Data Block Start
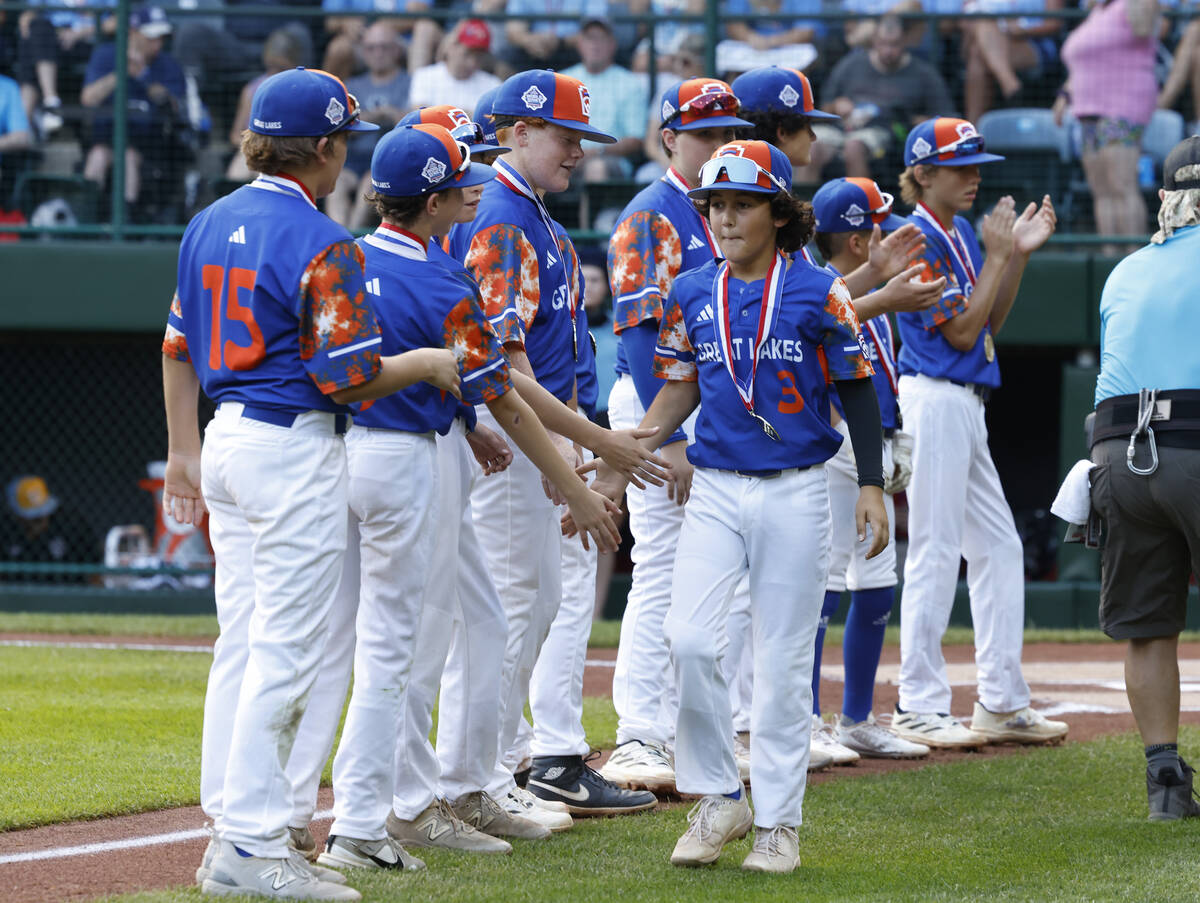 New Albany All-Stars players take the field to face El Segundo California All-Stars during the ...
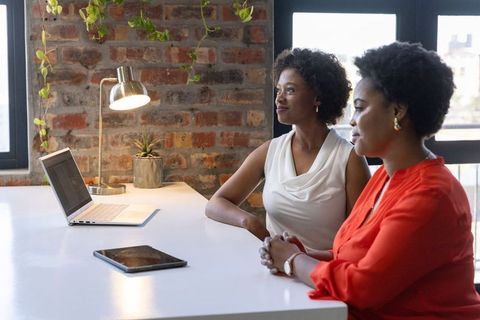 African American Businesswomen Collaborating at Modern Office Desk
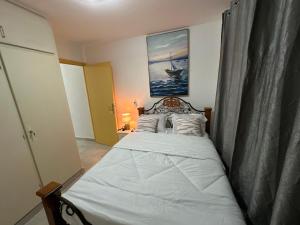 Schlafzimmer mit einem Bett mit weißer Bettwäsche und Kissen in der Unterkunft Villa ocean bord de mer louis in Libreville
Data Block End
Return a verbatim transcription of the data, omitting all images.

 New Albany All-Stars players take the field to face El Segundo California All-Stars during the ...
 African American Businesswomen Collaborating at Modern Office Desk
 Schlafzimmer mit einem Bett mit weißer Bettwäsche und Kissen in der Unterkunft Villa ocean bord de mer louis in Libreville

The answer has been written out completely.